Oui, j’y tenais. Un seul passage l’a énervé : quand je laisse entendre que la mort le fait flipper. Il m’a lancé qu’il ne voyait pas où j’avais entendu cela, qu’il n’avait pas du tout peur de mourir. En fait, il m’avait semblé – on a souvent abordé le sujet – qu’à Moscou, son discours était moins ferme. Du coup, j’ai mis les deux interprétations. C’est toute la difficulté de ce genre d’exercice. Il y a mille manières d’interpréter certains propos. Il faut assurer une certaine subjectivité.
Il m’a aussi raconté énormément de choses sur des personnes vivantes. Évidemment, je ne voulais pas créer de problèmes, même s’il dit s’en foutre. Je lui ai demandé de relire surtout pour valider les épisodes mettant en scène d’autres personnages.
Avez-vous tout dit ?
Bien sûr que non, j’aurais pu réaliser le double des pages. Il m’a fallu m’arrêter avant que le lecteur ne souffre d’indigestion. Car il y a risque d’indigestion avec Depardieu. Après trois jours passés avec lui, je suis vanné, je n’en peux plus.
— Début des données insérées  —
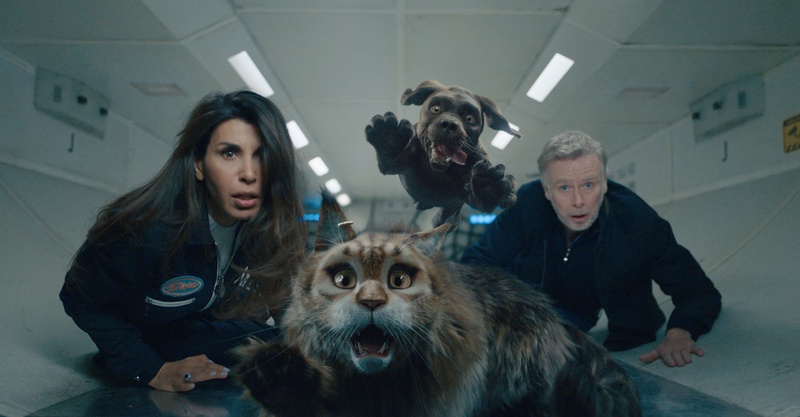 Image du film Chien et chat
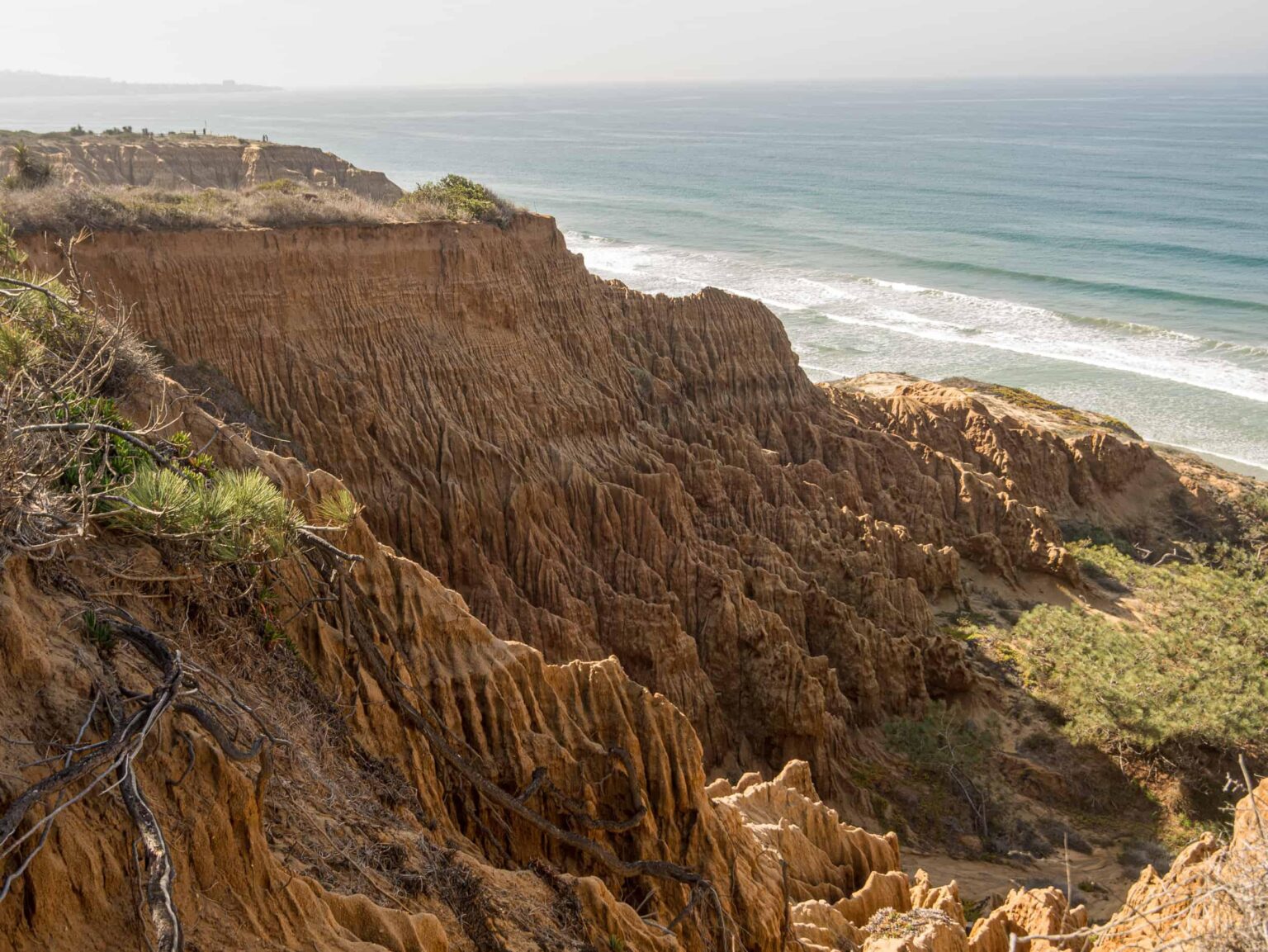Remains found at Torrey Pines State Beach identified as 10-year-old girl – fox5sandiego.com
Comment Depardieu juge-t-il votre Depardieu de papier ?
Il considère que la bande présente un avatar de lui-même. Il n’y a qu’en bande dessinée que Depardieu se voit de manière agréable.

Propos recueillis par Frédéric VIDAL
Supplément gratuit de Casemate 101 – mars 2017.

Gérard,
Cinq années dans les pattes de Depardieu,
Mathieu Sapin,
160 pages
Dargaud,
21,90 €,
17 mars.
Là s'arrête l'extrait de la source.